Tantos são os momentos positivos a relembrar em nosso relacionamento ético
e profissional que difícil é eleger os que mais representaram deveras o ápice,
pois, todos foram pontos altos.
Por uma fatalidade do destino não me foi possível estar presente ao funeral
desse amigo, ocorrido em 26 de Dezembro último; sequer tomei conhecimento
de sua morte, a não ser quando telefonei para ter noticias, coisa que fiz
praticamente a cada quinze dias nos últimos meses de 2004.
Segundo as minhas convicções filosóficas, seguindo ao que muitos iluminados
ensinaram há milhares de anos, sobre a eternidade do espírito (Aknathon,
Demócrito, Buda, Sócrates, Cristo), sinto que José Luis estará sempre presente
em meu pensamento, no de minha família, no de nossa classe.

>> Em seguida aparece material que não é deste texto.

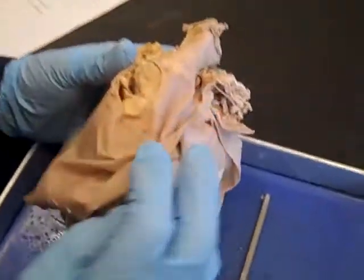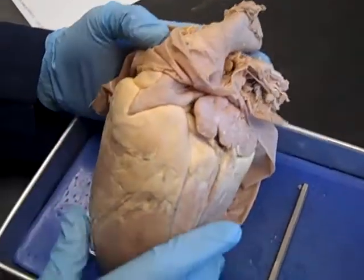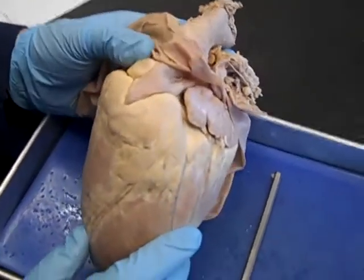We're going to cover the heart in this video — we'll probably split it into a couple of pieces. The first thing we want to do is orient the heart, so we're going to pull this piece of material back and I'm going to show you a couple of tricks that I use.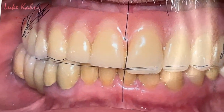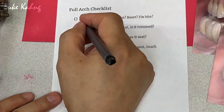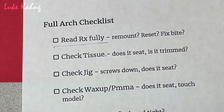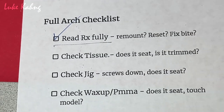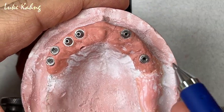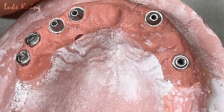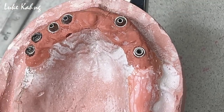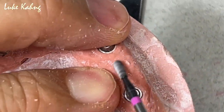I'm finished with that one. Now people are asking — here is my checklist for 7-star. Read Rx carefully; it's very important. We have to read what the doctor said, and we can read it already. Check tissue. Here is the tissue — you see it's rough and bumpy, so I have to trim it with the vertical bar.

É difícil traduzir, em um panegírico, tenha este a extensão que tiver (como o
de Plínio, o Moço a Trajano), o quanto em verdade representou uma pessoa
querida que fisicamente nos deixa para seguir sua marcha cósmica.
Homenagem, mais que depoimento, foi a intenção que me moveu a escrever
este texto, pois, impossível me é, sob a forte emoção em que me encontro,
descrever em poucas linhas a grandiosidade do personagem que elas tentaram
destacar.
As revelações que fiz, inéditas, são páginas de uma história já escrita, mas,
que certamente, ficam como sementes, como modelos para a nossa
comunidade, exemplificando o poder que tem o amor e o conhecimento, como
asas do espírito, como fundamentos de virtude.